Session hosts were encouraged to be “output-oriented” as much as possible. This meant ensuring time was given to discussing the next steps that would move a topic forward. Almost every session report (available to DVB Members and event participants) defined such next steps, which will typically result in new requests back to the relevant DVB working groups, or further research or action by those involved in the discussions.

The DVB Project Office will hold a webinar to track progress on the next steps for all sessions in 4–6 months’ time.

DVB-I dominant

DVB-I was among the most-discussed topics at the event, effectively becoming the subject of a conference within an unconference in a series of sessions. A general scene-setting overview of how the specification itself is evolving was followed by a session featuring updates from the trial and test activities in Italy, Germany and Ireland.

A session on service discovery and service lists was followed by one on accessibility features, and another on metadata preparation. The day was rounded off with a very fruitful discussion identifying barriers to DVB-I deployment and actions to drive momentum.

Progress on other DVB solutions

Another set of sessions focused on other existing DVB specifications and explored ways of increasing their deployment. Topics discussed included the extent to which DVB Native IP might help broadcast operators close the gap on OTT services, effective ways of getting more UHD HDR (high dynamic range) content into homes, and the challenge of encouraging uptake of DVB’s Targeted Advertising specifications.

There was also a session on how DVB-SIS (Single Illumination System) might gain more market traction if there were a renewed focus on verification and validation (V&V) as a means of easing deployment.

New technologies and trends

Wider industry trends inspired several sessions, with participants exploring where there might be some new standardization work for the DVB Project to undertake across a diverse range of topics. One session, for example, asked what might be needed beyond existing DRM (digital rights management) solutions for OTT content; another discussed whether open caching technology could have a role to play in DVB-MABR and DVB-NIP; and several other sessions looked at new user experience technologies such as film grain synthesis, haptics and volumetric video.

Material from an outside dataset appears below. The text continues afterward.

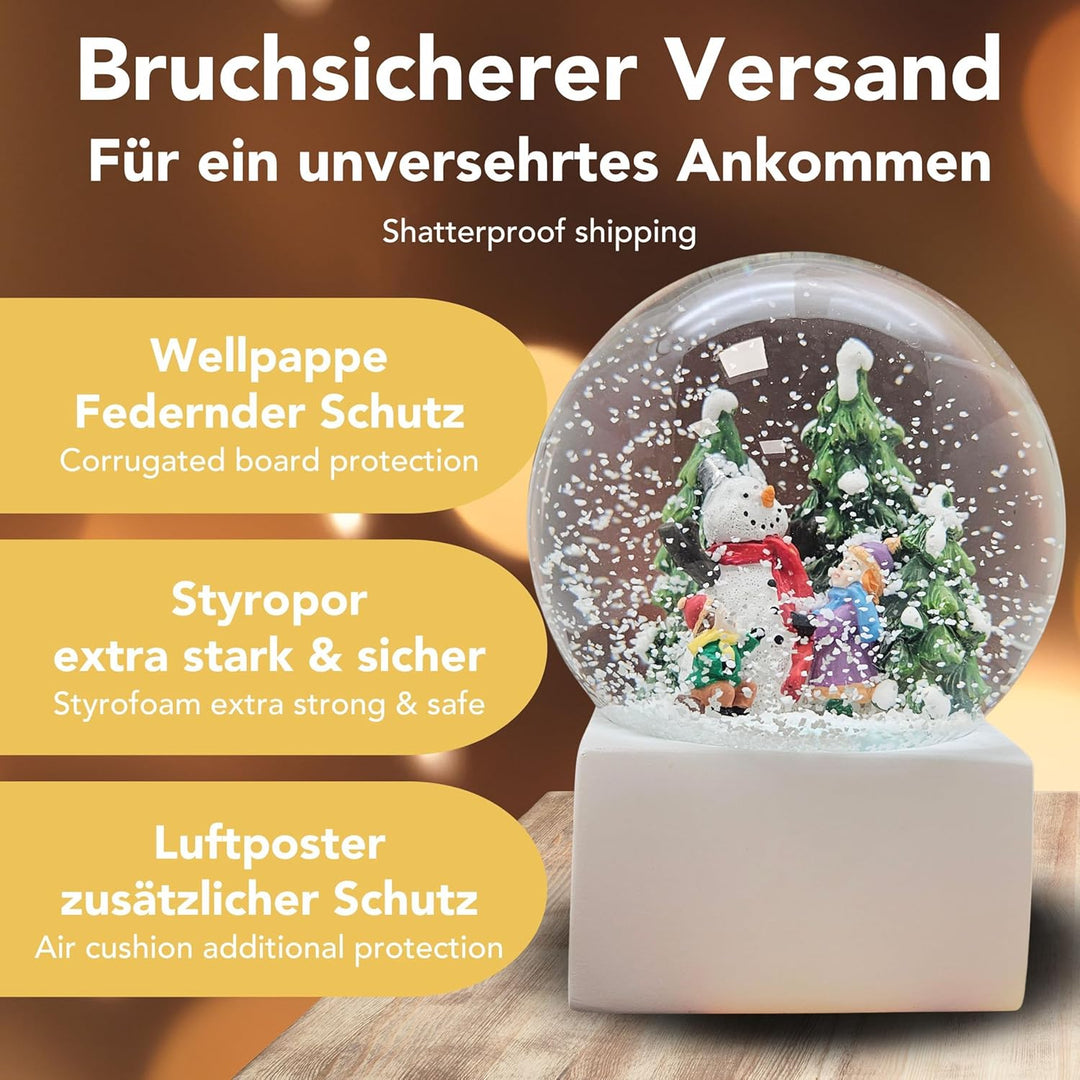 Minium Collection 20122 Schneekugel Weihnacht Stimmung Schneemann Bauen Winterszene auf Sockel weiss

Other topics appearing on the agenda included sustainability – and specifically the contribution that “good enough content” and “good enough delivery” can make, as well as the potential conflict with the goal of resilience – and questions around fragmentation in global standards and the potential for finding more commonalities.

Looking inward

Finally, some of those most active in the running of the DVB Project took the opportunity to canvas opinions and inputs, including from non-members, on how the organization can evolve for the better. This included, for example, a session on how to get more involvement in DVB activities from younger generations and another on how the organization’s promotional budget can be best allocated to ensure better awareness and understanding of DVB specifications. There were also discussions on reference tools and test content that could be made available to implementers.

The day was rounded off with a “closing circle”, where every session host gave a brief summary of their session and what they expected will happen next. A report has been filed on every session and is available to DVB World 2023 attendees and to DVB Members via the Unconference Hub.